Analysts are predicting the first annual decline for the global semiconductor industry since 2009.
Written by Rachel King, Contributor

A weaker global economy is hampering everyone -- including the global semiconductor market, according to market intelligence firm IHS iSuppli.

While previous forecasts were calling for a marginal growth of less than 3 percent, analysts have revised those predictions to a 0.1 percent decline in revenue for 2012.

Thus, analysts asserted this would be the first annual decline for the global semiconductor industry since 2009.

Friday's report comes just a few weeks after IHS recently projected that the abundance and growth of the wireless market, which in turn was giving a significant boost to the semiconductor sector. That subset of the global semiconductor is on track to grow by 10.9 percent to $72.6 billion in 2012.

However, IHS senior director Dale Ford noted in the report that PCs and related peripherals, in particular, are actually the key segments pulling down the semiconductor market this year.

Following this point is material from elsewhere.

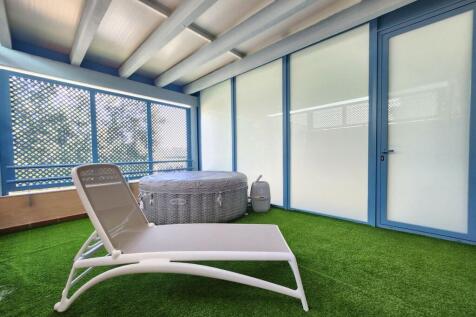 Property Image 38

While the introduction and shipment of exciting new products such as ultrabooks and other ultrathin PC platforms in the second half of the year will give the PC market a much needed boost, the counterweight of growing economic worries will place strong downward pressure on the overall PC market and limit both consumer and corporate spending in 2012.

Analysts added in the report that "the downward pressure" created by the PC slowdown will outweigh any growth seen by the wireless and smaller industrial electronics segments.

Nevertheless, analysts are still predicting a strong revenue growth rebound of more than 9 percent in 2013, based on expectations of improving economic conditions. That, of course, depends on how things go in the Eurozone over the rest of the year as well as upon unrest in the Middle East and slower growth in China.